Five Ways to Use Picture Writing Prompts

You may already be familiar with creative writing prompts. A prompt basically presents an idea or topic that you can use to spark and fuel your writing fire. Examples of writing prompts:

Blue.

Write about your first crush.

Start a story with the following sentence: “He hid it under the porcelain whale.”

Picture writing prompts work in a similar way, only instead of using words as a trigger, you use…(wait for it)…a picture!  And like word prompts, picture prompts can inspire everything from nonsensical freewriting paragraphs to short character vignettes to brick-thick novels.

Word prompts are great, but the visual nature of photo prompts is perhaps even more effective in catapulting creativity. But how do you use them?

Well, the obvious way is to simply look at the picture and describe or write a story about what you see. And that’s just great. But why stop at the obvious? Read on for more ideas.

Five Ways to Use Picture Writing Prompts:

1. Harvest your reactions. Photos often invite gut reactions, trigger associations, and awaken buried memories. A picture of a red ball may make you uneasy because you remember how the school bully stole your marbles and then elbowed you in the nose so hard that blood sprayed onto your shoes. So write a story about a shoe salesman with a short temper who turns into marble.

2. Ask Questions. Say you’re presented with a picture of a toy horse. Who created the horse? Who does the horse belong to? Is the toy popular with it’s owner, or is it tucked away in a closet? If the horse could speak, what would it say? What is the toy’s highest wish? Where does it want to retire? And suddenly, you find yourself writing a story about a boy whose best friend is a winged horse with nine lives.

3. Change Things Around. So many possibilities here. Play with color, texture, shape, size.

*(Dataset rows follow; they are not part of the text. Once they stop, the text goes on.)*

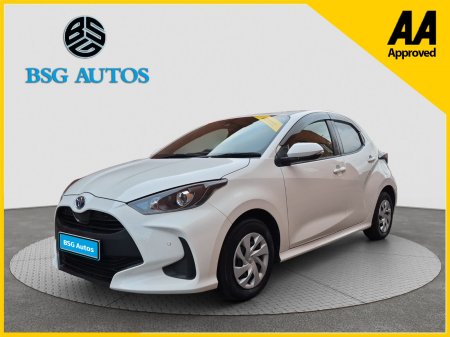 2020 Toyota Yaris - photo 4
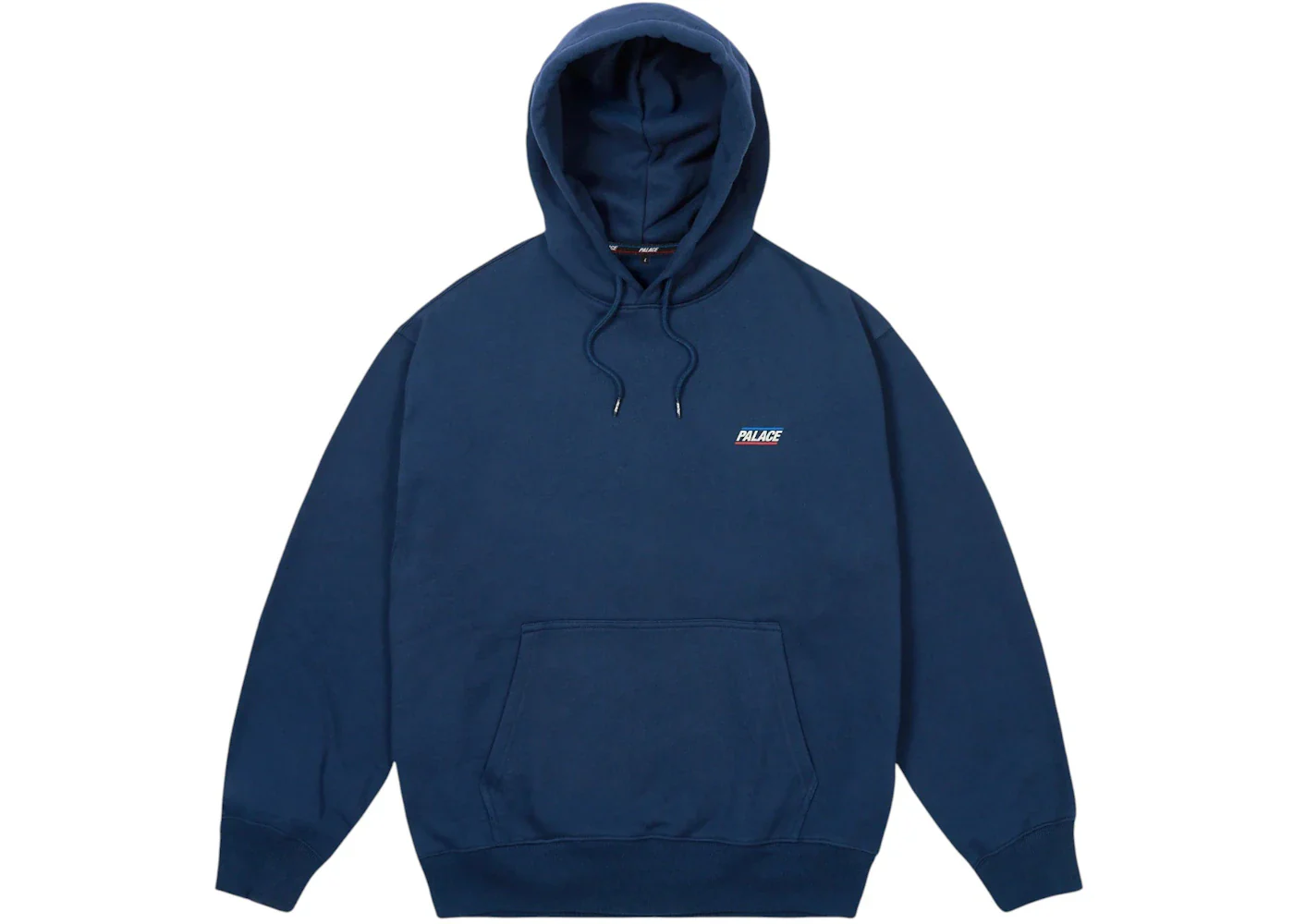 Palace Basically A Hood (FW25) Navy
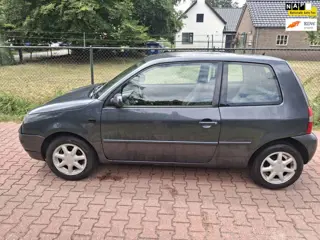 Volkswagen Lupo 1.4 Athene nw apk bij aflevering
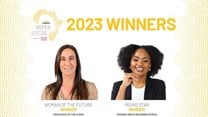 Meet the 2023 Santam Women of the Future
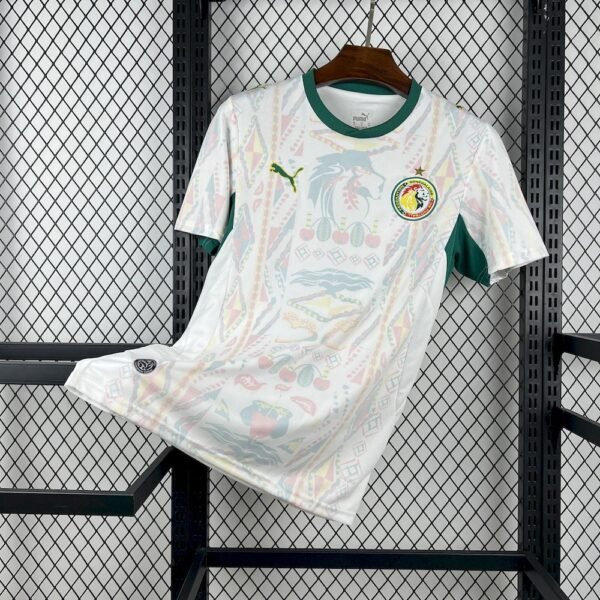 Senegal 2026 World Cup Home Jersey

Cut and paste. That picture of luscious peaches weighing down a tree branch? Turn the peaches into planets. Or the tree into a robot. Or move the whole peach tree to the bottom of the ocean. Or inside a character’s head. And that’s how you figure out pollution will one day force humans to grow their food artificially inside mountains.

4. Focus on a Single Element. The red cap on the boy’s head – whenever he wears it, he can read other people’s minds. And now someone wants to steal it.

5. Ponder What’s Not in the Picture. What’s going on outside the frame? What happened before this particular moment in time? After? What or who is missing? Is something hidden? That picture of a sunflower – did you know that fairies are growing inside the brown seeds? In fact, they are just about to be hatched.

Wow, this was so much fun. Even if my examples aren’t to your taste, I hope you see that by using these five techniques, you can squeeze out a plethora of wildly diverse stories from the simplest of photos.

Please return for more picture writing prompts – right now, I plan to post one photo a week. On the right-hand sidebar, you can sign up to receive an automatic email notice whenever I post on the blog. Until next week, I challenge you to list ten possible stories based on the picture below:

PWPballoon

Comments

  1. Fun! And I can definitely tell from your examples that you have much more experience with creative writing than I do! The way you spun that example of the red ball was hilarious. :)

    • angelicahagman says:

      Thanks, Erica! Once you get going on these things, it’s easy to get carried away. =) Let me know if you end up using one of my photo prompts to inspire a story!

  2. Angela Richards says:

    Wow you are a creative writer Those were very inspiring examples. What a great idea for a blog. Keep up the good work.